Your goal
Exactly transcribe the span of lines from the one containing "Turning Point: Fall of Liberty" through the final line of the entries, inclusive, and nothing outside it. Exclude the pictures.

Short web captions:
--------

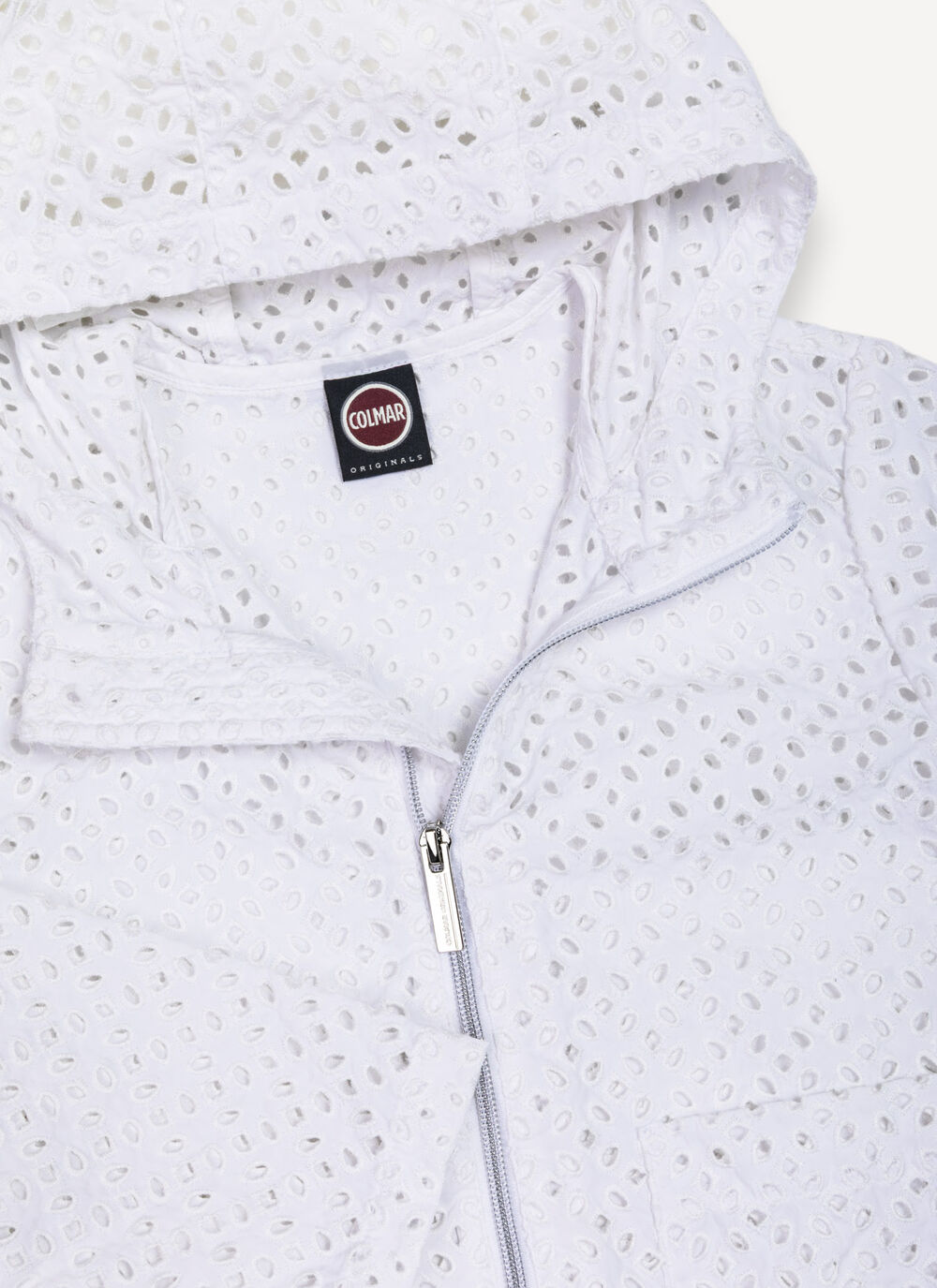 Broderie anglaise jacket image number 6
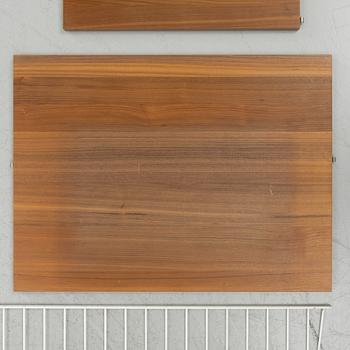 Nisse and Kajsa Strinning, a shelving system, 'String', String Furniture, 21st Century.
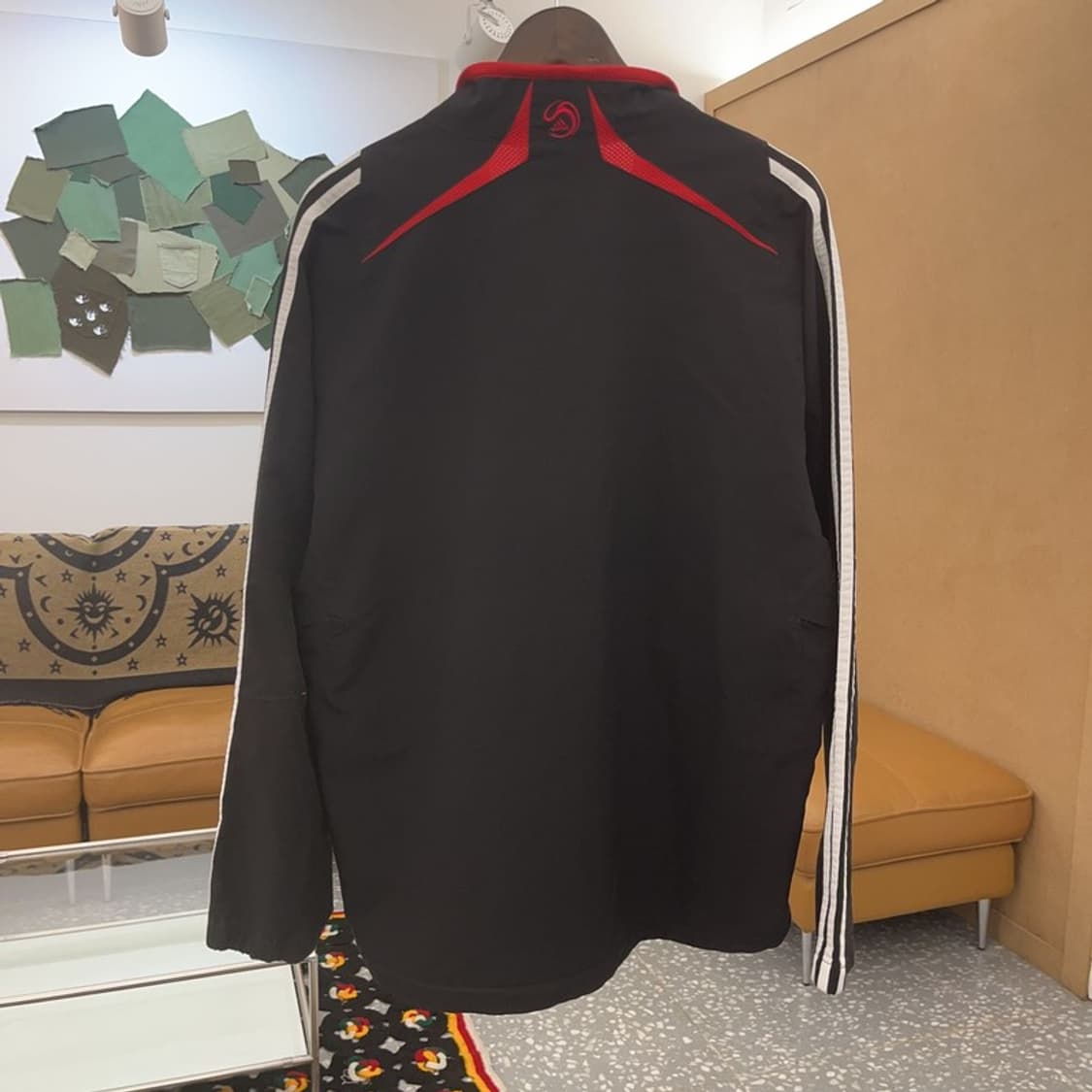 아디다스 레트로 프레데터 바람막이 자켓 105 C07889 상품이미지4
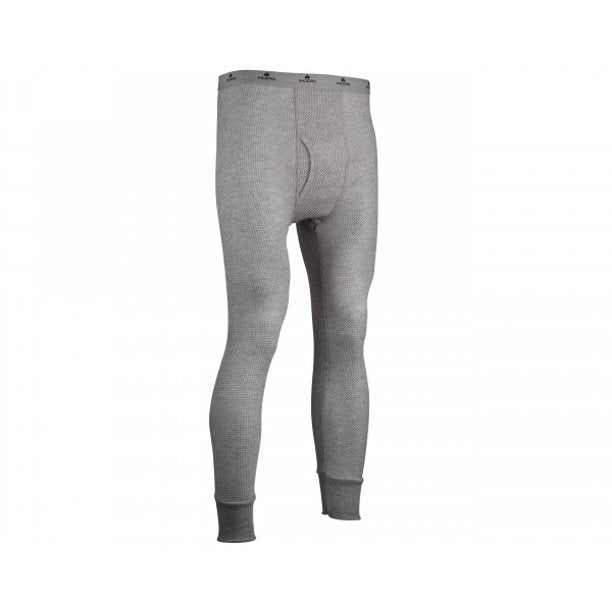 Men's Traditional Waffle Pant, Heather Gray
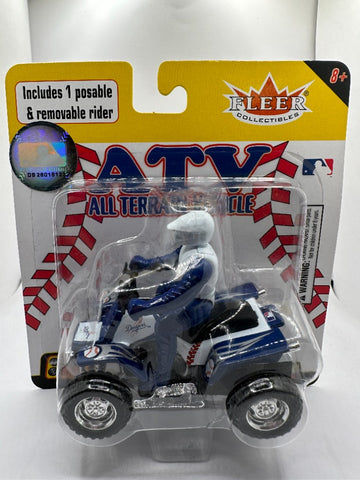 Los Angeles Dodgers MLB Fleer ATV Toy Vehicle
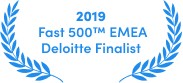 Bonline 2019 fast 500TM EMEA deloitte finalist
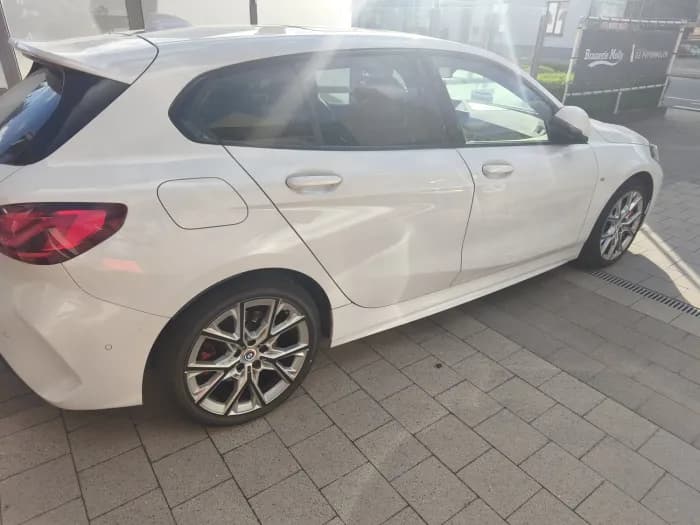 BMW 1 Serie aangemeld bij Imex Cars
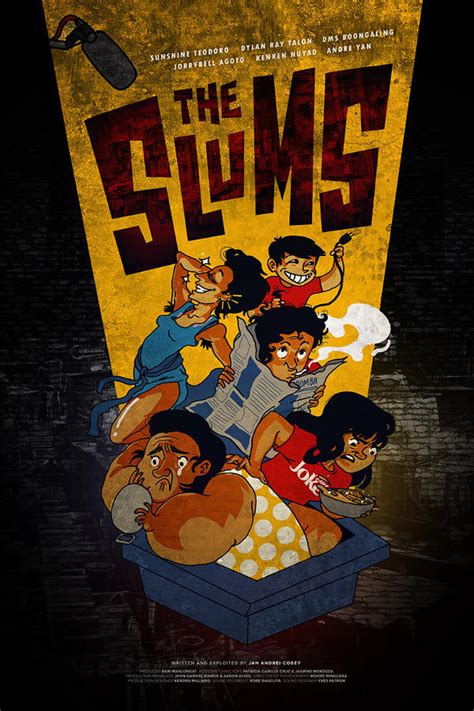 The Slums (2020) | ClickTheCity Movies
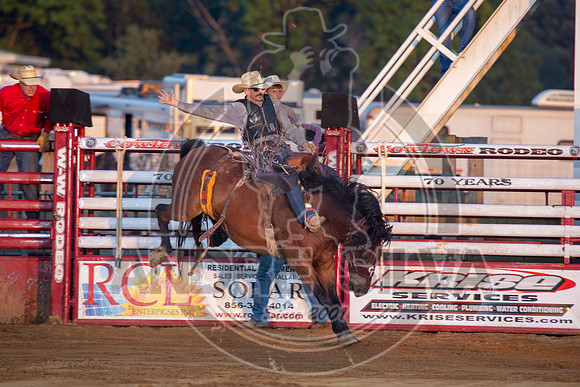 2024 Cowtown Rodeo_SB_Jake Barnes_440-AndreSilva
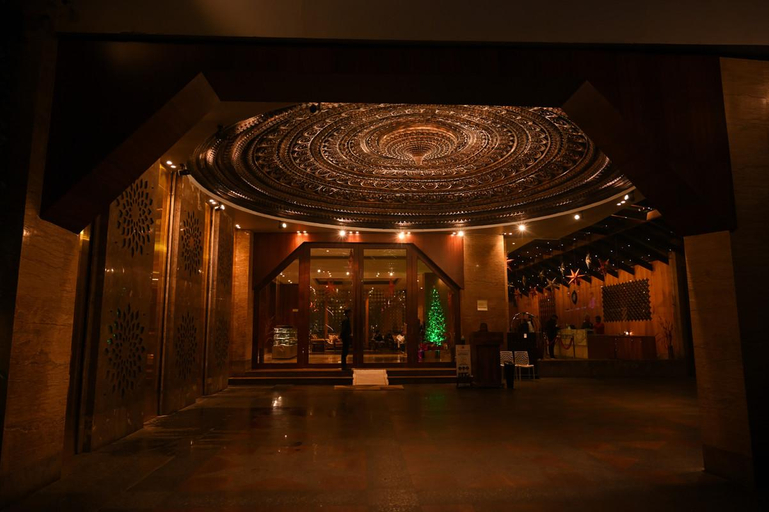 Public Area, Vennington Court, Raipur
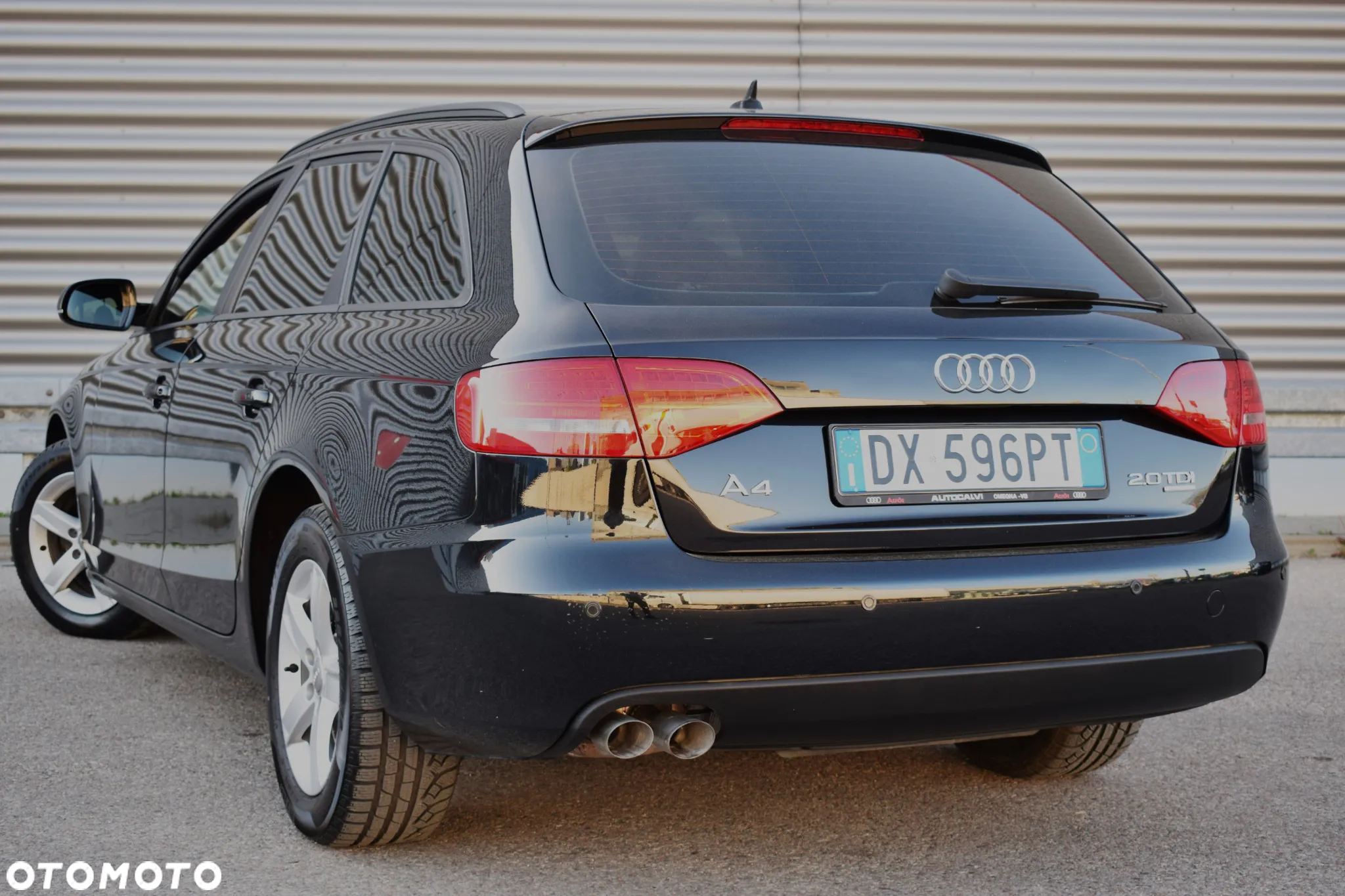 Audi A4 2.0 TDI Quattro - 15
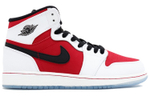Кроссовки Jordan Air Jordan 1 Retro Carmine 2014 (Женская размерная сетка)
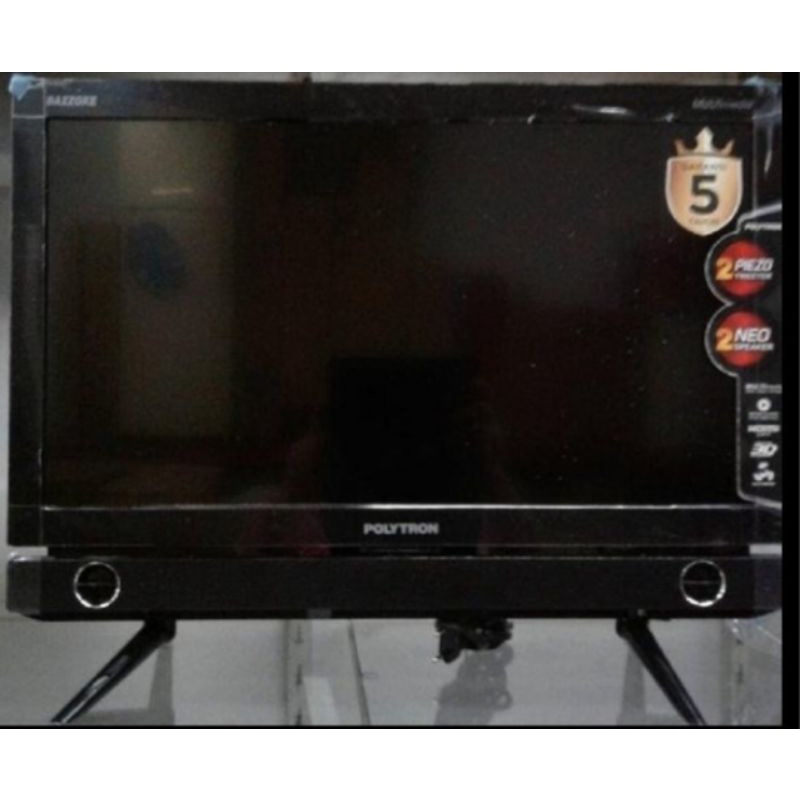 TV LED Polytron 22"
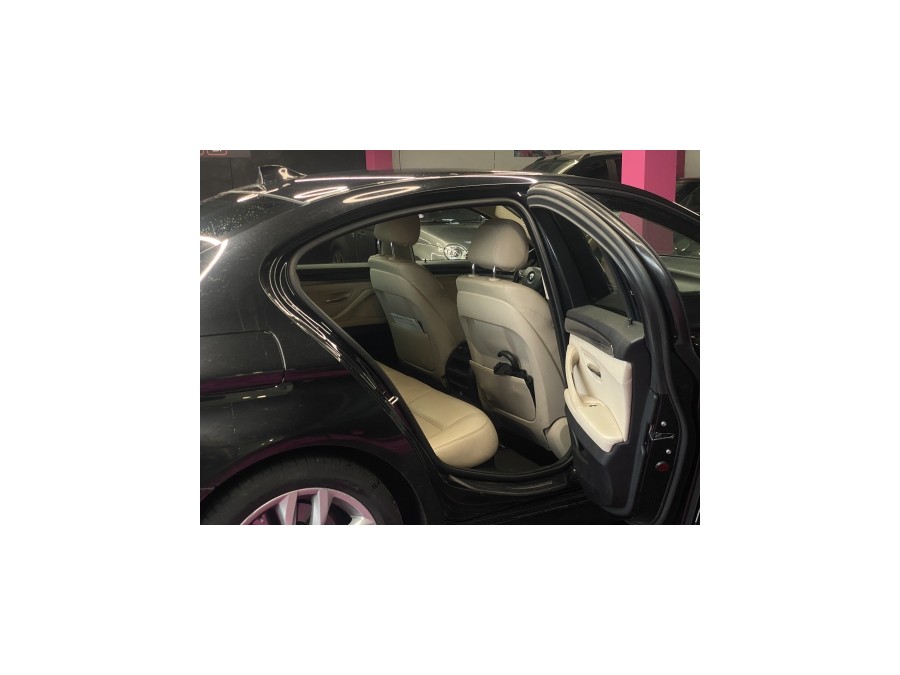BMW d'occasion SERIE 5 520dA 190ch Luxury de 2016 Villebon Sur Yvette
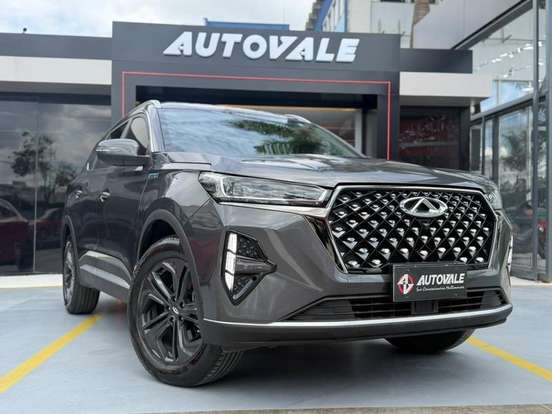 CAOA CHERY-TIGGO 7 PRO-2024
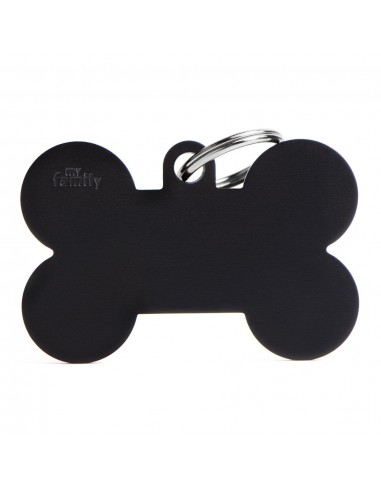 Placa MyFamily Basic Hueso XL...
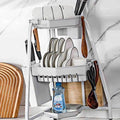 VW Corporation White Dinnerware Drying Rack Dish Drying Rack (27061942A)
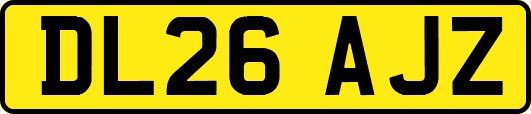 DL26AJZ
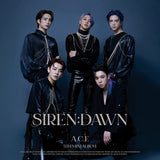 A.C.E - Siren : Dawn (5th Mini Album) Album+Extra Photocards Set (Random ver.)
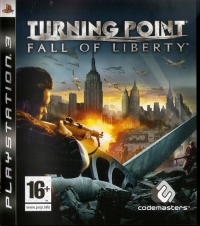 Turning Point: Fall of Liberty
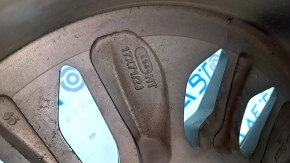 Диск колесный R17 x 7,5J 5*114,3 Honda Accord 18-22 тип 3 hybrid с резонатором 220 Hz, бордюрка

--------

Completed exercise
 Turning Point: Fall of Liberty
 Диск колесный R17 x 7,5J 5*114,3 Honda Accord 18-22 тип 3 hybrid с резонатором 220 Hz, бордюрка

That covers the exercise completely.